De volta à Argentina, fez de Isabelita sua vice, de modo que, morto ele, assumiu ela o governo do país, embora nada entendesse daquilo, cantora de cabaré que havia sido. Não faz muito tempo, seu herdeiro político, Néstor Kirchner, fez de Cristina também sua vice; assim, morto ele, passou ela a governar o país.

País estranho é a Argentina. Se é verdade que também no Brasil tivemos a ditadura de Getúlio Vargas, igualmente travestido de pai dos pobres, jamais adquiriu a aura mistificante que até hoje mantém o peronismo como força política atuante no país.

Lembro que, quando Isabelita assumiu o governo, sem qualquer qualificação para isso, a CGT difundiu pelo país um cartaz em que ela aparecia vestida como Nossa Senhora do Perpétuo Socorro, tendo ao alto, de um lado, o rosto de Perón, e do outro, o de Evita, lançando luz sobre ela, e embaixo a seguinte frase: "Se sente, se sente, Perón e Evita estão presentes".
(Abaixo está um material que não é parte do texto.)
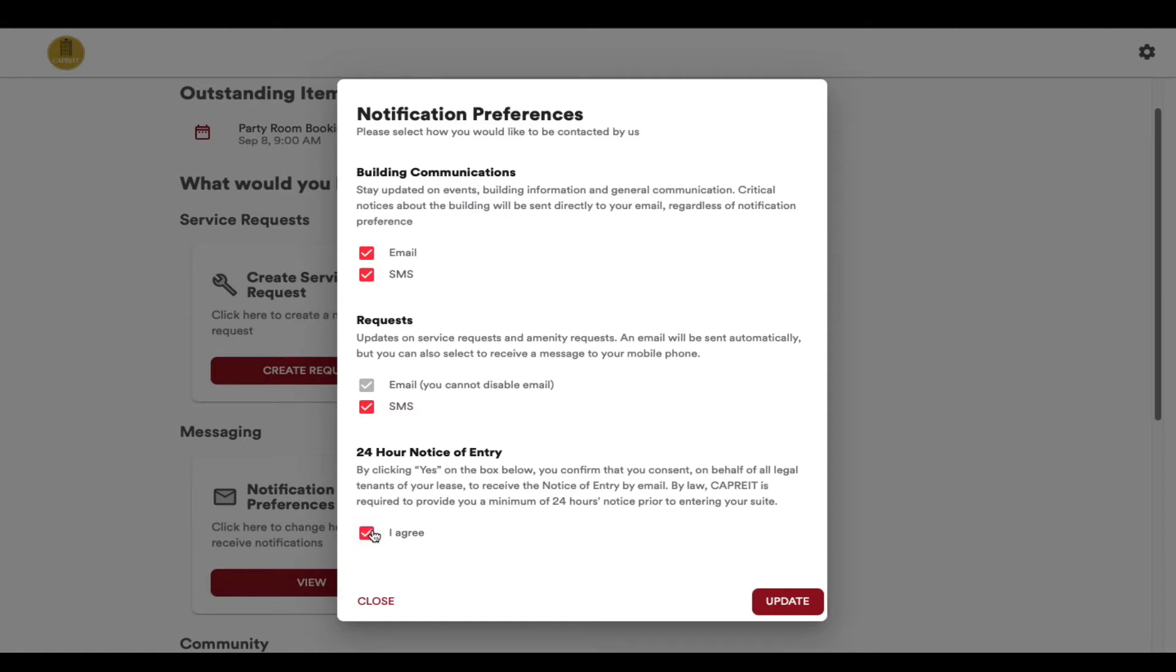Once you are satisfied with your new selections, click Update and they will be saved. If you do not wish to make any changes at this time, click on Close.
Ninguém teria coragem de fazer coisa semelhante no Brasil, mas na Argentina pode, e tanto pode isso como pode sequestrar do túmulo o cadáver de um general, levado para a Itália por razões políticas; e também pode, no dia da chegada de Perón, em 1973, peronistas enforcarem peronistas sob o palanque em que discursava o líder recém-chegado.
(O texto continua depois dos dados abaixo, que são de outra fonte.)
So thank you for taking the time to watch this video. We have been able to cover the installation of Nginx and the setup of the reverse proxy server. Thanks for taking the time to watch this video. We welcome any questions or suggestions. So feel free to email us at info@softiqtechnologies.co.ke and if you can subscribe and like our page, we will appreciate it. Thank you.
Se soube de tudo isso com perplexidade, igualmente perplexo leio agora as notícias, que me chegam de lá, após a vitória eleitoral de Cristina Kirchner.

Ao que tudo indica, estamos diante de uma personalidade surpreendente que, ao contrário de Isabelita, que não sabia a que viera, sabe muito bem o que pretende e está disposta a levar suas pretensões às últimas consequências.

A América Latina vive hoje, por determinadas razões, a experiência do neopopulismo, que tem como principal protagonista o venezuelano Hugo Chávez.

É um regime que se vale da desigualdade social para, com medidas assistencialistas, impor-se diante do povo como seu salvador. Lula seguiu o mesmo caminho, mas, como o Brasil é diferente, não conseguiu o terceiro mandato.

A solução foi eleger Dilma para um mandato tampão.

Porque o neopopulismo se alimenta de uma permanente manipulação do setores mais pobres da população, o seu principal adversário é a imprensa, que traz a público informações e críticas, que desagradam o regime.

Por isso mesmo, Chávez faz o que pode para calar os jornalistas, enquanto Lula e sua turma tentaram criar aqui um órgão para controlar os jornais.

Não o conseguiram, mas Cristina, na Argentina, talvez o consiga, já que acaba de aprovar uma lei que põe sob controle do Estado a produção de papel de imprensa. O jornal que insistir em criticar seu governo, deixará de circular.

Temo pelo que possa acontecer à Argentina, nas mãos de uma presidente embriagada pelo poder.